A word-for-word reproduction of the data below is needed, with no pictures in it.
*** EXERCISE DATA Section Begins ***
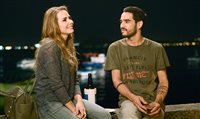 Avianca Brasil apoia filme que estreia esta semana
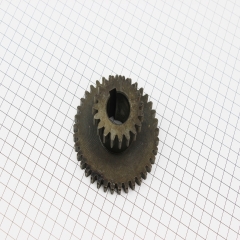�������� �������� / ������� �������� �������� d = 25��, Z = 37/19 Xingtai 120/220 (16.37.209) (618113)
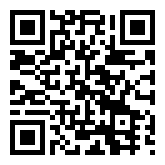 http://www.80xc.cn/post/132505.html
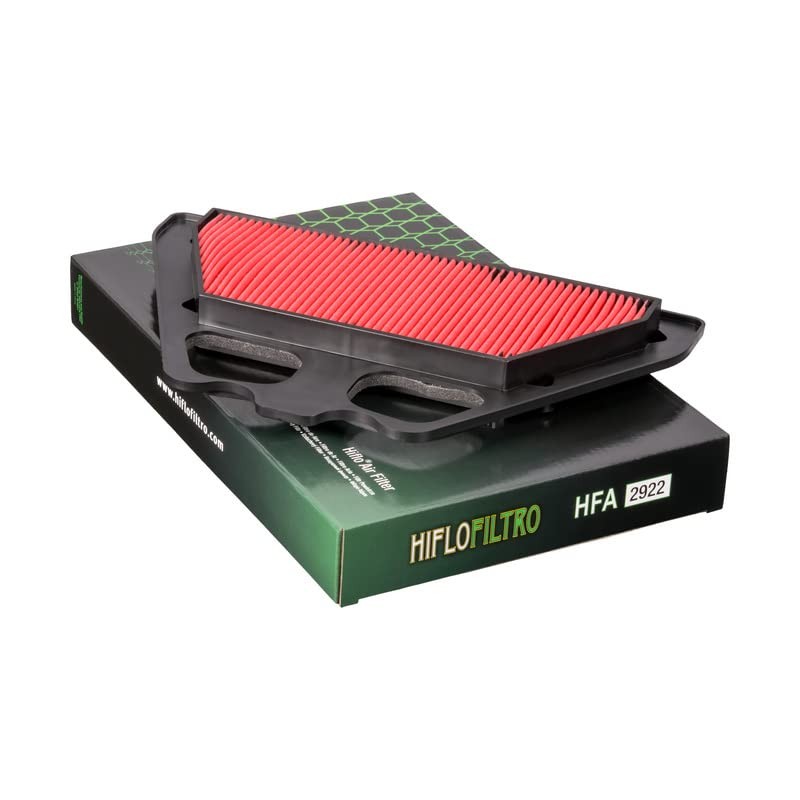 Air Filter Z900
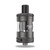 Aspire Nautilus GT II Tank Gun Metal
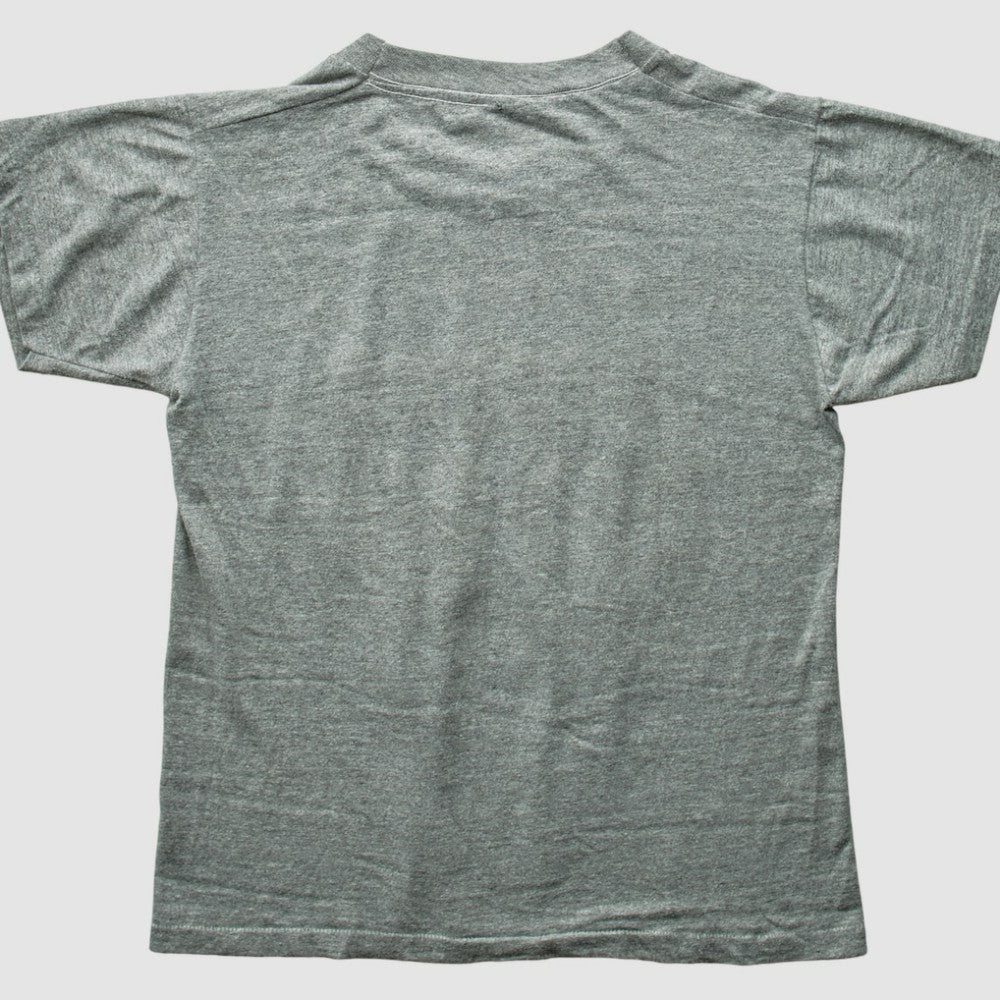 Boston Red Sox 80s T-Shirt | MLB Sale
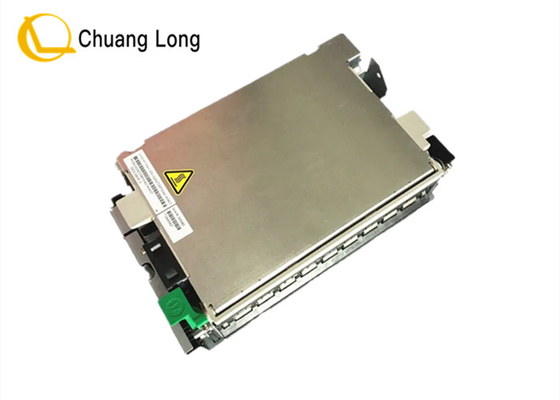 Bộ phận máy ATM Fujitsu G750 Bill Validator KD03604-B500 GBVE II BV-100 BV500 009-0029270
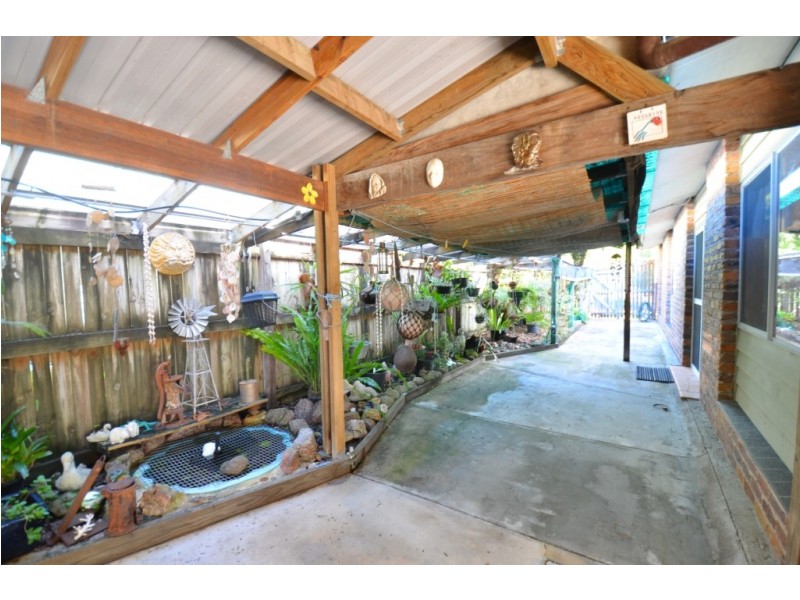 99 Dartmouth Street, Coopers Plains QLD 4108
*** EXERCISE DATA Section Ends ***
■ ANSWER BOX ■
 Avianca Brasil apoia filme que estreia esta semana
�������� �������� / ������� �������� �������� d = 25��, Z = 37/19 Xingtai 120/220 (16.37.209) (618113)
 http://www.80xc.cn/post/132505.html
 Air Filter Z900
 Aspire Nautilus GT II Tank Gun Metal
 Boston Red Sox 80s T-Shirt | MLB Sale
 Bộ phận máy ATM Fujitsu G750 Bill Validator KD03604-B500 GBVE II BV-100 BV500 009-0029270
 99 Dartmouth Street, Coopers Plains QLD 4108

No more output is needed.